There was also some less significant work that I didn't benchmark, namely implementing the Hadamard Product, negation and difference optimization (using an algebraic rule that (-A)B=A(-B) so just negating the smaller one), adding scalar operations and optimizing multiplication by a scalar (same as the previous case), trace optimization (trace of a matrix sum is a sum of traces of its matrices, trace(BA)=trace(AB) where the costs may differ), optimization of row L2 normalization (where computing a column sum of a sum equals to computing a sum of column sums of its matrices), and adding some extra features (such as infinite column and row vectors which can be used in intermediate computations in planning).

Benchmarks

The following benchmarks do not provide a definite answer to what speedup is obtained with the new Matrix API... they rather give an idea of what kind of improvement one may see. This is mainly because they were all executed in the local mode (I did not have a Hadoop cluster to test it on). This fact limited possible dimensions – larger ones were either crashing with java.lang.OutOfMemoryError: Java heap space, or did not seem to finish in a “reasonable” time with the old Matrix API. Given this, I omitted doing some more rigorous analysis and just roughly placed here results of each benchmark. So, feel free to contribute with your experience and/or results if you tried the new Matrix API. It would be more interesting to see the speedups on some real applications (rather than these randomly generated artificial test cases) and on a real Hadoop cluster.

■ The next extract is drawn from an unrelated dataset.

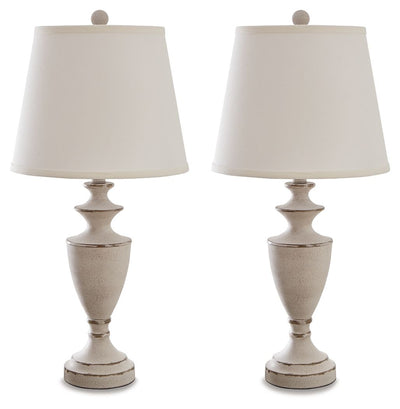 Dorcher - Antique Gray - Metal Table Lamp (Set of 2).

Each benchmark ran two jobs – one using the old Matrix API, the other using the new API. I wrote a quick and dirty script for generating these jobs as well as generating corresponding input dense matrices. Each job was run 10 times (they did not vary too much) and the execution time was measured by the 'time' command. All benchmarks were tested on the following system configuration:

  • Kernel: Linux 3.2.0-51-generic #77-Ubuntu SMP Wed Jul 24 20:18:19 UTC 2013 x86_64 x86_64 x86_64 GNU/Linux
  • JVM: java version "1.6.0_45", Java(TM) SE Runtime Environment (build 1.6.0_45-b06), Java HotSpot(TM) 64-Bit Server VM (build 20.45-b01, mixed mode)
  • CPU: Intel(R) Core(TM) i5-3570 CPU (4 cores @ 3.40GHz)
  • RAM: 4 GB DDR3 @ 1600 MHz
  • HDD: Hitachi Hds721010cla332 Sata 7200rpm
  • Latest Scalding from twitter/scalding/develop (as of 9-5-2013)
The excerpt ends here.